* _Instructions for the task_
Return the lines of the material below exactly, beginning with the line that has "2pc Sectional Livingroom Set" in it and finishing with the line that has "Daniel Vilela realiza" in it. Leave all pictures aside.

* _Exercise data_
*** Begin section ***
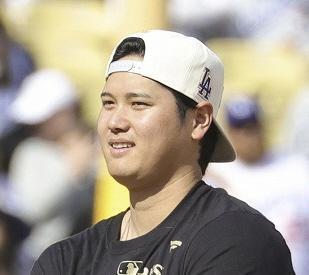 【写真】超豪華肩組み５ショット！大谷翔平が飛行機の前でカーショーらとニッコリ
*** End section ***
*** Begin section ***
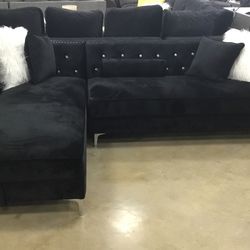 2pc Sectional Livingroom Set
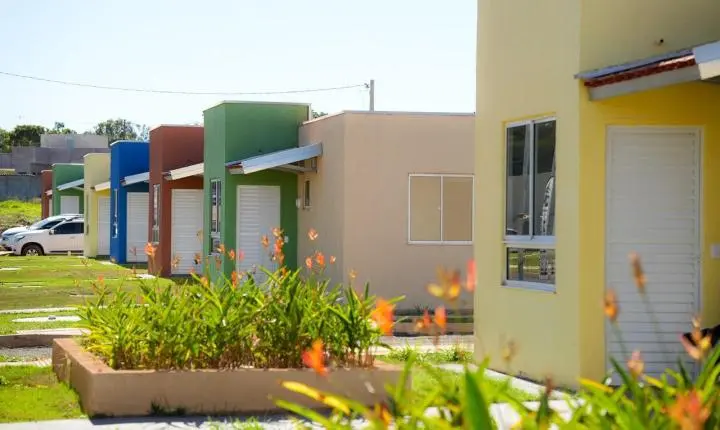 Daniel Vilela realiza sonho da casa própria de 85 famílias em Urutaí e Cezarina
*** End section ***
*** Begin section ***
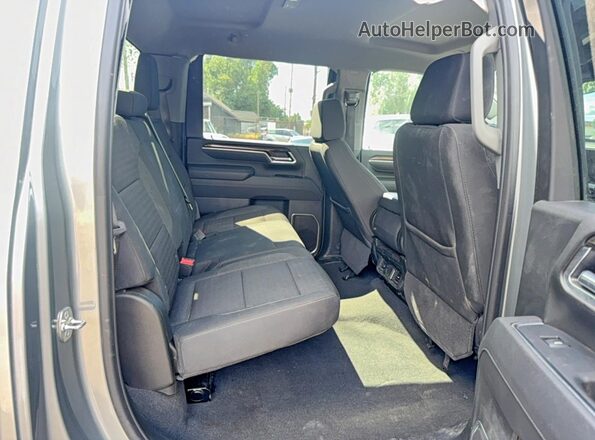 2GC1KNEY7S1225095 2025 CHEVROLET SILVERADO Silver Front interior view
*** End section ***
* _Response below_
 2pc Sectional Livingroom Set
 Daniel Vilela realiza sonho da casa própria de 85 famílias em Urutaí e Cezarina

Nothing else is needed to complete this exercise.